I've had the idea that a 7500 DJIA would be the bottom ever since it dipped back into 4 digits. I'll be surprised if this week wasn't the bottom.

Comments

  • OPAOPA Posts: 17,124 ✭✭✭✭✭
    I don't think we have seen the bottom yet ... 6500 ... ( I'm hoping that I'm wrong)
    "Bongo drive 1984 Lincoln that looks like old coin dug from ground."
  • coinlieutenantcoinlieutenant Posts: 9,315 ✭✭✭✭✭
    From a technical perspective, 7500 means nothing. Major support existed at the S&P around 800. Look at a chart long term on the S&P. It is clear as day.
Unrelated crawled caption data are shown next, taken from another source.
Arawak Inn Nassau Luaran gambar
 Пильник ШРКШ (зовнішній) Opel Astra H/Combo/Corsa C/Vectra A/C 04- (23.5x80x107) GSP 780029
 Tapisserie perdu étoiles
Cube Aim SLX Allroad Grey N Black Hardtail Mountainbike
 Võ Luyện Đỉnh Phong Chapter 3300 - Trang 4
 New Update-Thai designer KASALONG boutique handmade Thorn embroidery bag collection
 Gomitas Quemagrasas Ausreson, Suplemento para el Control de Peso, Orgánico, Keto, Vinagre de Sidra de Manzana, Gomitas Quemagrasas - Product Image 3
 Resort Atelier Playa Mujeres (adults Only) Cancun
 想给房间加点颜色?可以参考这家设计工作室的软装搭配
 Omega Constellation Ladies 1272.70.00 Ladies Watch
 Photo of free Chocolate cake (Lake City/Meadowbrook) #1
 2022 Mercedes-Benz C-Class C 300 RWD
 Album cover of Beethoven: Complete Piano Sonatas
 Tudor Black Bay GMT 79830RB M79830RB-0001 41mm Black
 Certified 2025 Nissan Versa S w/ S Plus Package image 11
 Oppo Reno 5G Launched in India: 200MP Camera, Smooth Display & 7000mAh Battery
    Technicals arent everything, and 7500 is a spot that mirrors the other two 90% drops that we have had in history.

    Percentage wise, 7500 would be the same point hit during the depression and the NASDAQ bubble that rallied hard, about a 50% retracement overall, followed by the big down wave that took those two markets to 90% down.

    Fun aint it?
  • It sure doesn't feel like a bottom yet. I do want to see this economy turn around as much as anyone else, I just don't see it yet.

    I am just not sure what would give us the floor yet. Maybe if congress put their foot down and said the bailout window has closed so everything can work itself out like it is suppose to in a free market? I just don't see that happening.



    imageQuid pro quo. Yes or no?
  • Coll3ctorColl3ctor Posts: 3,339 ✭✭✭
    It seems to me that the markets want most of the bailouts.
  • BearBear Posts: 18,953 ✭✭✭
    OK, so lets bottom line the market.

    7500 is the bottom......

    On the other hand, it may be just
    a stop on the way to 4500.

    The may be a sharp rally, but on the
    other hand, there might not be a rally.

    I guess the best play is to sell short..buy long
    stay in while also getting out of the market.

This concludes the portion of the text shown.